Несмотря на ранний час, солнце жжет немилосердно, и пешая дорога к отелю, занимающая чуть больше десяти минут, превращается в тяжелое путешествие. Поэтому знакомство с городом откладываю на вечер, когда спадет полуденная жара и оживут улицы, пустынные даже поутру — трудовой люд занят своими каждодневными делами, а многочисленные туристы нежатся в бирюзовых водах прекрасных пляжей.

Беру в руки лежащий в номере последний выпуск туристского путеводителя и с первых же страниц погружаюсь в туманное прошлое, когда шла непрерывная борьба за остров. В водоворот тех бурных событий порой попадали люди совершенно неожиданные, полные страсти не только к обогащению, но и к рискованным переходам через многие моря и океаны. Заголовок одной из статей невольно вызывал улыбку: «Русские уже были здесь!»

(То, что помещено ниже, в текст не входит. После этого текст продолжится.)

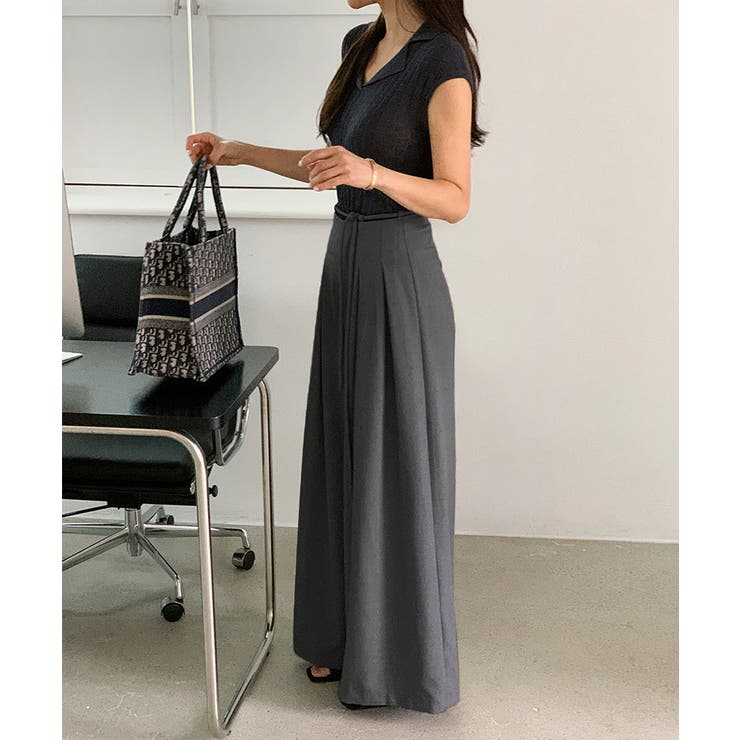 タックパンツ ワイドパンツ オフィスカジュアル | COCOMOMO | 詳細画像7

Русские! Начинаю читать и удивляюсь еще больше: нет, не русские, а предки нынешних латышей — курляндцы. Однако история и в самом деле любопытная.

Чуть раньше 1639 года герцог (правитель) Курляндии Джеймс, который, как утверждают, был приемным сыном английского короля Джеймса I, снарядил небольшую экспедицию на Тобаго. Путешественники благополучно добрались до острова и, поселившись на нем, вначале жили в мире и согласии с индейцами. Но затем, неизвестно почему, индейцы напали на них и разрушили поселение. Тогда в 1642 году на Тобаго, в то время уже принадлежавший Голландии, отправилась новая экспедиция, которая по прибытии обосновалась на восточном берегу острова.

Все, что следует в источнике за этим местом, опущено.